Any known process can be used to produce the resin phase. It is preferred, however, that the resin phase be produced by mixing the appropriate concentration of monomers in a solvent such as toluene of about 60 to 80% monomer concentration. A suitable initiator such as peroxide,! from Benzoyl, di-t-butyl peroxide and the like can be added in the presence of a molecular weight control additive such as an alkyl mercaptan, for example, n-dodecyl mercaptan, n-octyl mercaptan, t-dodecyl mercaptan, benzyl mercaptan and similar. As mentioned above, this polymerization is preferably conducted in a two-stage system whereby the monomer solution is charged into the reactor of the first stage and polymerized from about 80 ° C to 110 ° C for about 12 to 24 hours . The degree of conversion is preferably adjusted from about 1 to 3% solids per hour. The polymer of the first stage is then preferably transferred to a second stage such as a plug flow reactor where the complete conversion of the monomer to polymer is carried out. The final solids content is generally in the range of about 60 to 70%. The initiators can be used in amounts in the range of about 0.01 to 5.0% by weight, based on the weight of the monomers. The molecular weight control additive can be used in equal amounts, by weight, again based on the weight of the monomers.

Additives such as heat and light stabilizers, antioxidants, lubricants, plasticizers, pigments, fillers, colorants and the like can be added to the resin phase, after or during the formation. Others; - additives they include antioxidants, flow promoters, mold releasers, dyes, UV stabilizers and formulations imparting gamma stability, chemical resistance and / or static dissipative properties.

The grafted rubber phase is prepared through a sequential and controlled addition of process monomers that inhibit agglomeration and / or aggregation of the gummy particles.
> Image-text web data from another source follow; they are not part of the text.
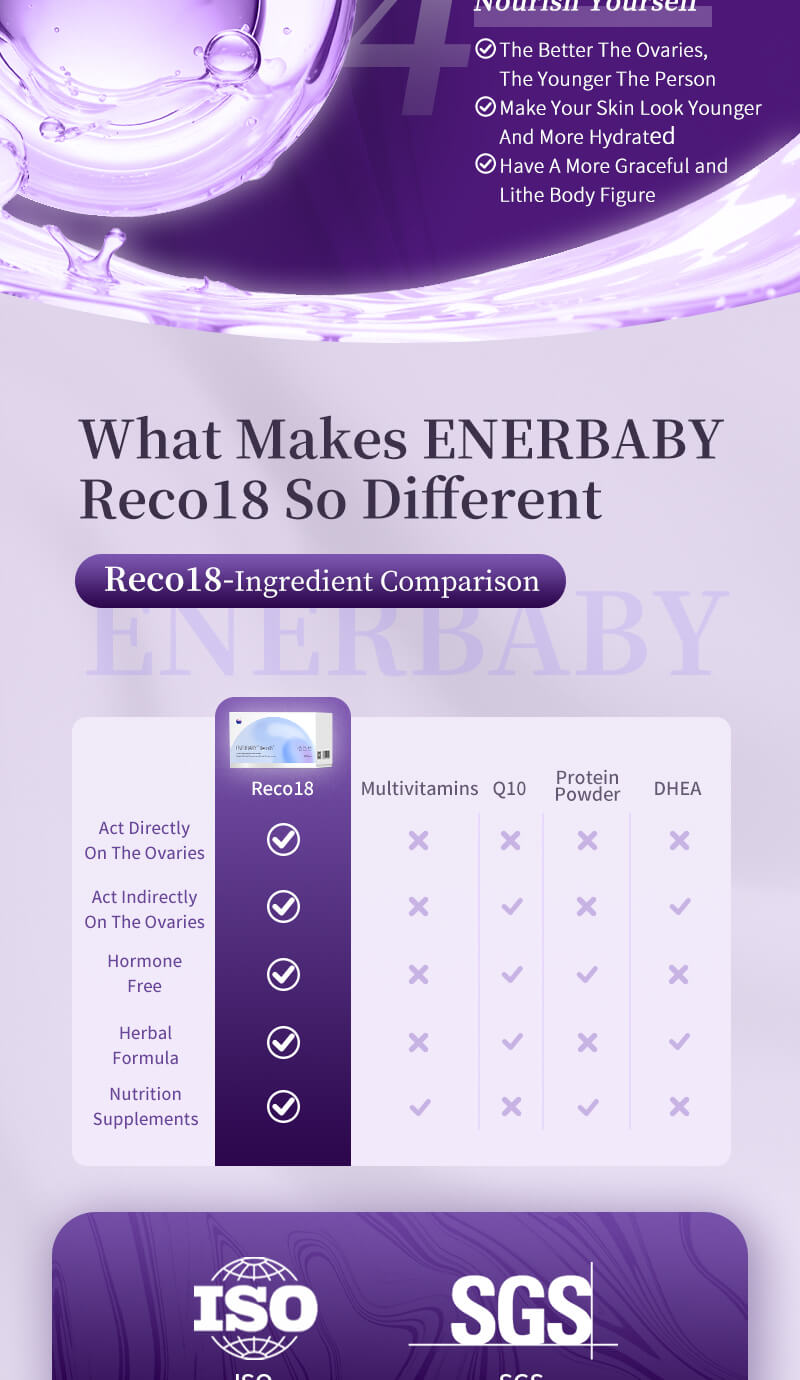 New ENERBABY Reco18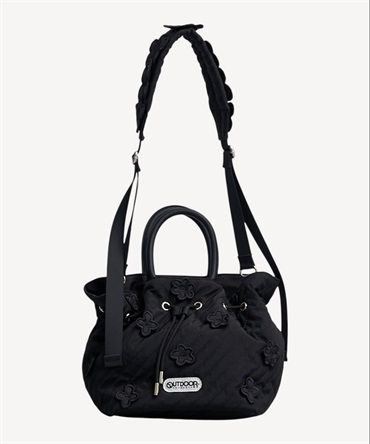 アウトドアコラボドロストバッグ(navy-F)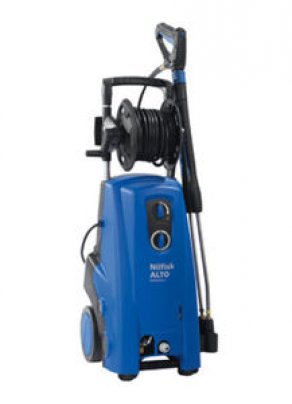 High-pressure cleaner / cold water - max. 660 l/h, 3.2 kW, 140 bar | POSEIDON 4-28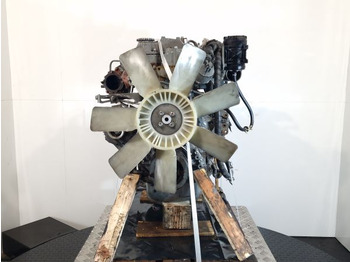 Moteur pour Engins de chantier Isuzu 4HK1XDIBA-01 Engine (Plant): photos 5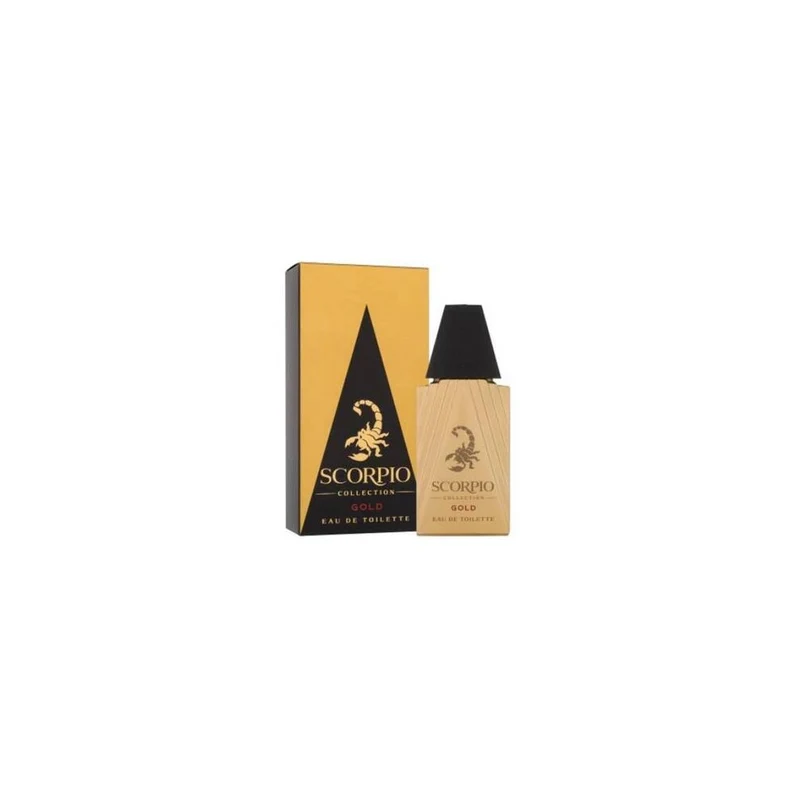 Scorpio Collection Gold 75 ml — Eau de Toilette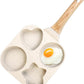 💖Uitverkoop 50% korting🍳 Multifunctionele 4-gaats omeletpan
In the process in which it is essentially a standard free radical initiation polymerization, 1 wherein at least one monomer has the best compatibility as a polymer to that of the resin phase is added to rubber latex and any other monomer which also Grafting is being done on gum, conventional initiators, and other polymerization components are used.

Without wishing to be bound by any theory, it is believed that non-agglomeration is caused by the placement of; an essentially uniform shell of resin around rubbery particles where the outer layer of the shell is composed mainly of a controllably added monomer. ": Monomer that is added in a controlled manner should be added for a period of at least 15 minutes, preferably at least 1 hour, and more preferably around 1 to 3 hours, within the grafting reaction occurring during the addition and preferably | it [leaves continue later for approximately 1 hour. The initiator when it is in a redox type can be included in the reactor initially, it can be added simultaneously with the monomer controlled either in the same stream or in a separate stream; or ultraviolet light can be used. Generally, the initiator is used in an amount of up to about 4 times the standard amounts used in U.S. Patent No. 4,085,166. When the initiator is added at the same time that the controlled monomer either the oxidant or reduction portion can be placed in the reactor initially and only the other portion needs to be added in a controlled manner. The reaction is conducted in the pH range of about 6.0 to 8.5 and in the temperature range of from about room temperature to about 65 ° C although none of these have been found to be critical to the present invention.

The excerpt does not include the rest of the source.